0

The main issue is I don't understand how the upsampling works. The AlexNet architecture has the following classifier

Dropout(),
Linear(in_features=9216, out_features=4096),
ReLU(),
Dropout(),
Linear(in_features=4096, out_features=4096),
ReLU(),
Linear(in_features=4096, out_features=1000)

The above is used on cifar so the num classes is 1000. If we change the classifier to use FCN (following FCN for Semantic Segmentation) and use VOC we'll have 20 classes (why does the figure show 21 channels?).
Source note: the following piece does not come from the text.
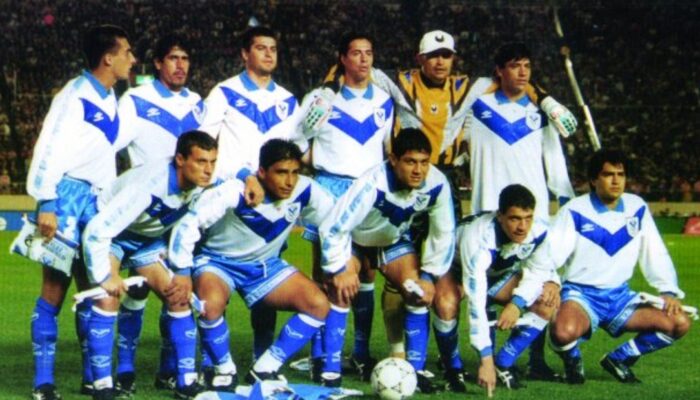 Reconocimiento a jugadores del club Vélez Sarsfield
Images are resized to 256x256. The architecture from the paper is shown below

Figure 1

Using pytorch I have the following

class AlexNetFCN(nn.Module):

    def __init__(self):
        super().__init__()
        self.features = AlexNet().features
        self.classifier = nn.Sequential(
                nn.Dropout(),
                nn.Conv2d(256, 4096, kernel_size=6),
                nn.ReLU(),
                nn.Dropout(),
                nn.Conv2d(4096, 4096, kernel_size=1),
                nn.ReLU(),
                nn.Conv2d(4096, 20, kernel_size=1),
                )

    def forward(self, x):
        x = self.features(x)
        x = self.classifier(x)
        return x

I know after the feature portion my images are 7x7. How do i upsample back up to 256x256? Maybe nn.Bilinear but this isn't clear to me from the paper.

pmdaly
  • 1,142
  • 2
  • 21
  • 35

1 Answers1

0

You can use nn.Upsample layer, which is a wrapper around the nn.functional.interpolate function (old name is nn.functional.upsample)

Here's how it's used in a working alexnetfcn implementation:

https://github.com/monaj07/pytorch_semseg/blob/e93e96f811bcdb45c8c88380f561e87d0ccbf514/ptsemseg/models/fcn.py#L145

zwang
  • 357
  • 1
  • 8